Insurers, hedge funds and other financial institutions must also pay the taxes, the IMF argues, despite them being less implicated in the recent crisis.
If they were not included, activities currently carried out by banks would be reclassified as, for example, insurance or hedge-fund services to escape the levies.
While the general levy, or "financial stability contribution", would initially be at a flat rate, this would eventually be refined so that riskier businesses paid more.
British chancellor Alistair Darling said the IMF's proposals were "important" and should be welcomed.
"The recognition that banks should make a contribution to the society in which they operate is right," he said.
It was agreed at the G20 summit in London last year that financial institutions and not tax-payers should pay for future bank rescue packages.
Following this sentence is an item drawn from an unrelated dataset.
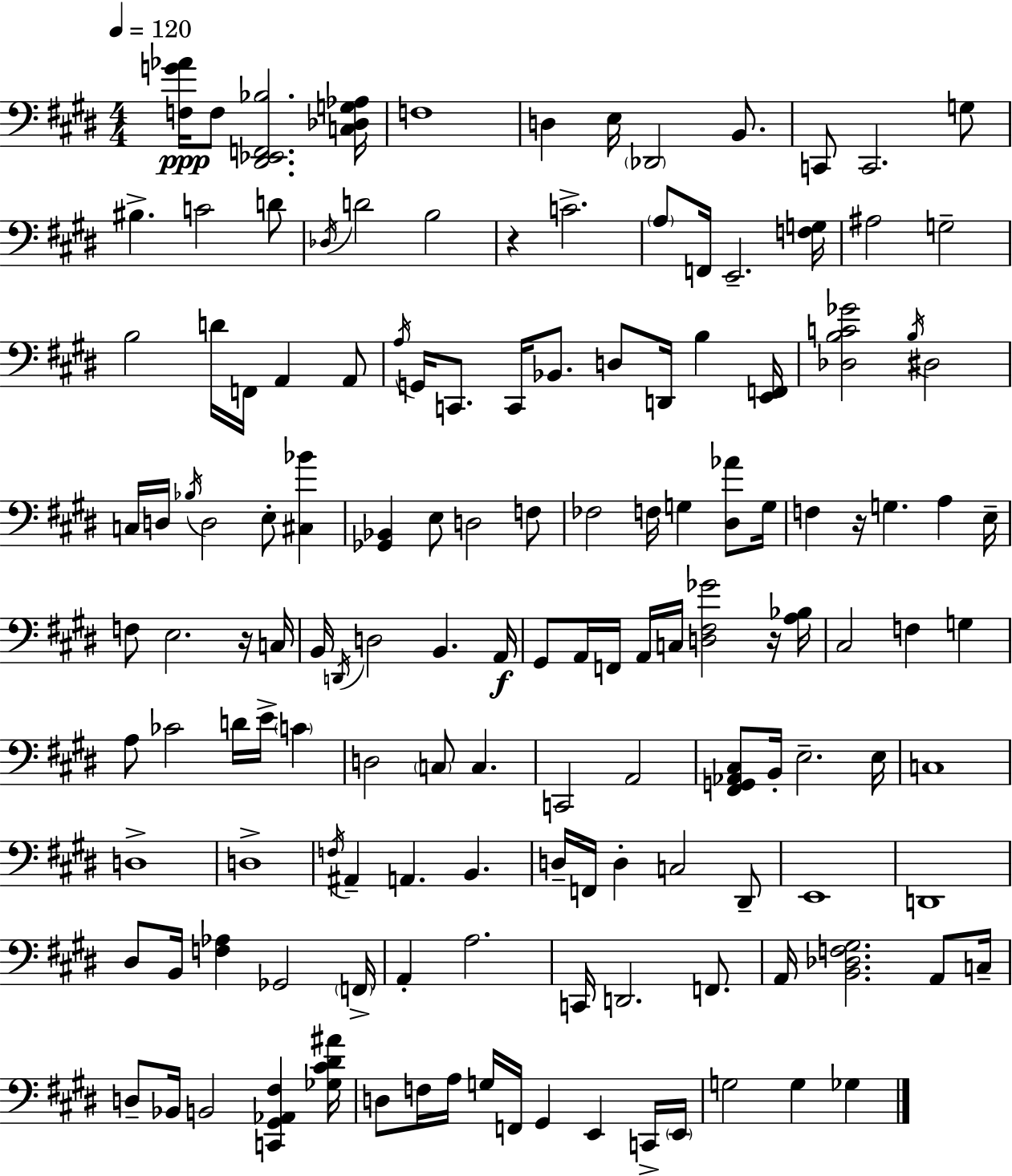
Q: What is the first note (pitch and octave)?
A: F3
Since then several proposals have been put forward by various governments including the so-called "Tobin Tax" on financial transactions. Some nations, including Canada, oppose any new bank taxes.
However no country has yet introduced taxes to pay for future bailouts - arguing that unless the rules were brought in on a coordinated basis, institutions would simply "cherry pick" where they operated, moving to jurisdictions with less tough financial regulation.
The body which represents banks in the UK, the British Bankers' Association said it was concerned about any move which would place the UK industry "at a competitive disadvantage internationally".
"We also need to see all the detail of what is proposed - and how any new levy and tax would apply - to determine the effect it would have", it said.
In the light of the UK's looming general election, the IMF proposals were likely to be used for some political point-scoring, our business editor said.
"Labour is bound to claim that the IMF is implicitly criticising the Tories' plan to impose a new tax on banks irrespective of what other countries do - because the IMF paper says that 'international co-operation would be beneficial'.
"I would also start to question my sanity if Gordon Brown doesn't claim credit for putting pressure on the IMF to launch its review of possible bank taxes."
But he added that the Conservatives would say that their bank tax proposals resembled the financial stability contribution.
And the Liberal Democrats would claim that their proposed tax on banks' profits was similar to the second tranche of the IMF proposal.